_Exercise directions_. Would you retype the line that contains "Art silk dhoti-kurta for mens 2" and all lines following it to the end of the entries below, exactly and without pictures?

_Excerpted records_.
━━━━━━━━
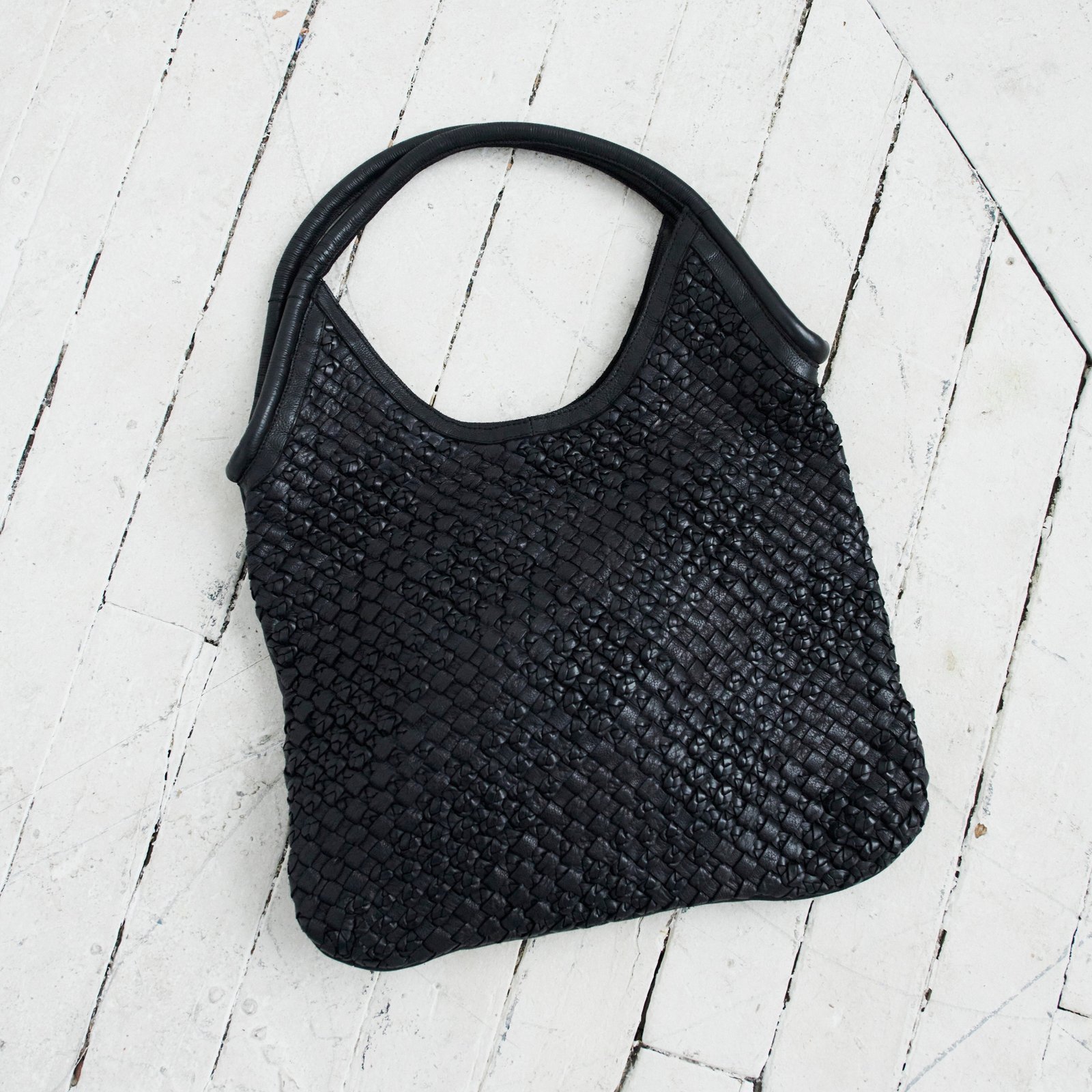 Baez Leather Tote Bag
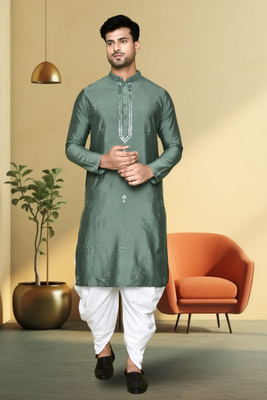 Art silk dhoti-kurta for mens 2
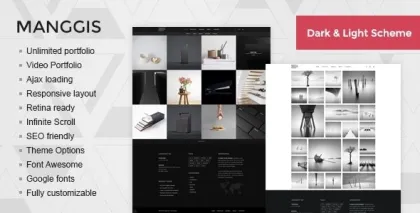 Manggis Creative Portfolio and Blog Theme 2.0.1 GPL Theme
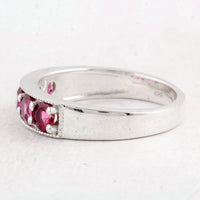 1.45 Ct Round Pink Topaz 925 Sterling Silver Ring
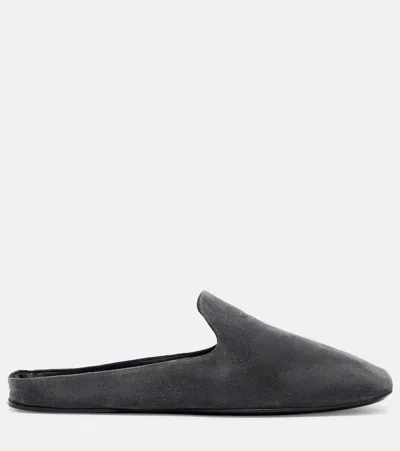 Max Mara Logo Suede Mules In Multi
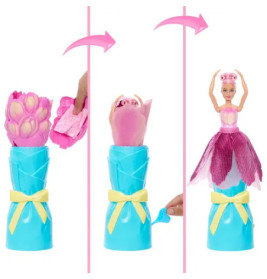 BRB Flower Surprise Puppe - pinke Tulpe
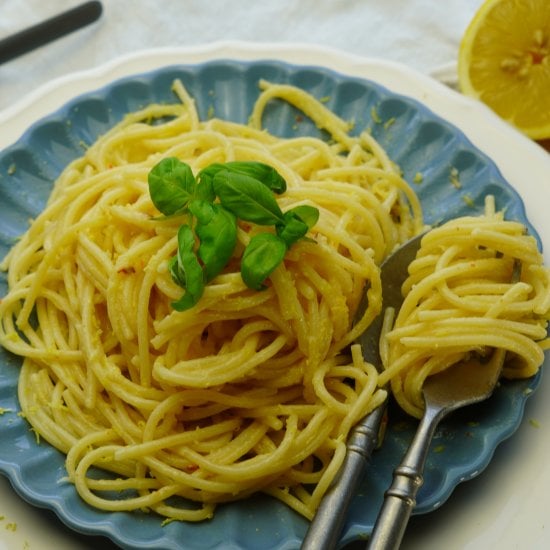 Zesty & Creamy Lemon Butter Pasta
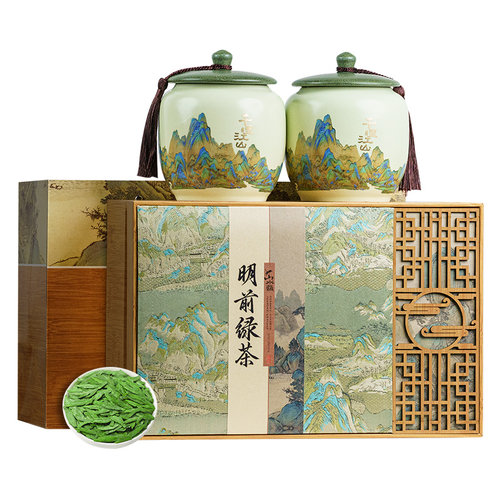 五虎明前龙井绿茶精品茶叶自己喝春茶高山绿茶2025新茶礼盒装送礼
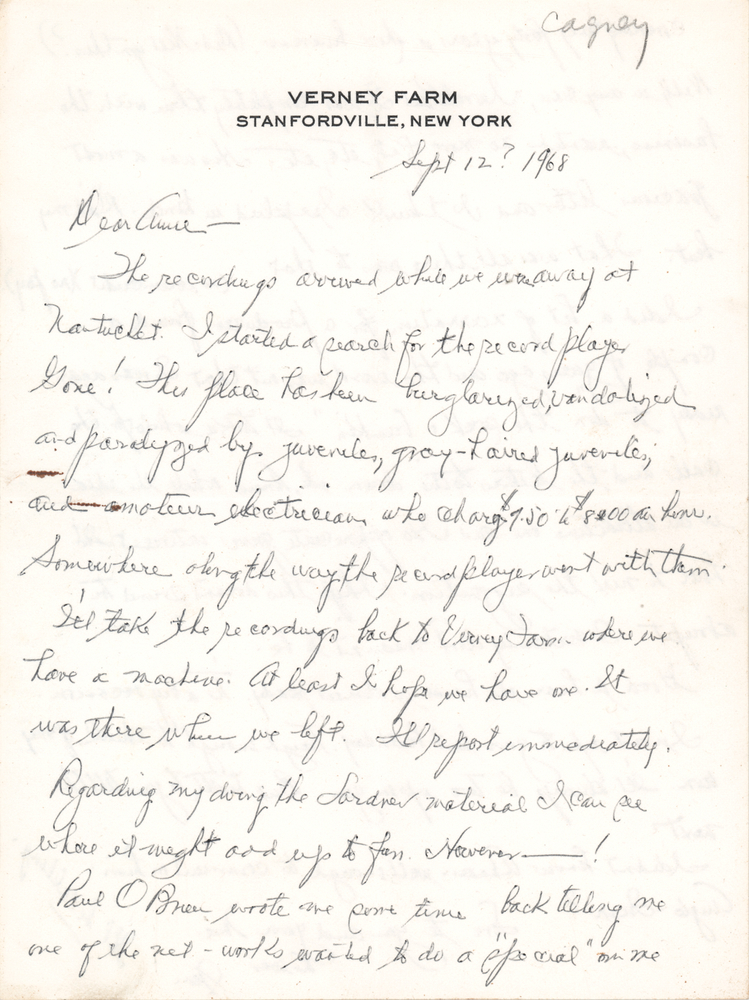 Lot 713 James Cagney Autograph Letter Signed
━━━━━━━━
_Exercise output_.
 Art silk dhoti-kurta for mens 2
 Manggis Creative Portfolio and Blog Theme 2.0.1 GPL Theme
 1.45 Ct Round Pink Topaz 925 Sterling Silver Ring
 Max Mara Logo Suede Mules In Multi
 BRB Flower Surprise Puppe - pinke Tulpe
 Zesty & Creamy Lemon Butter Pasta
 五虎明前龙井绿茶精品茶叶自己喝春茶高山绿茶2025新茶礼盒装送礼
 Lot 713 James Cagney Autograph Letter Signed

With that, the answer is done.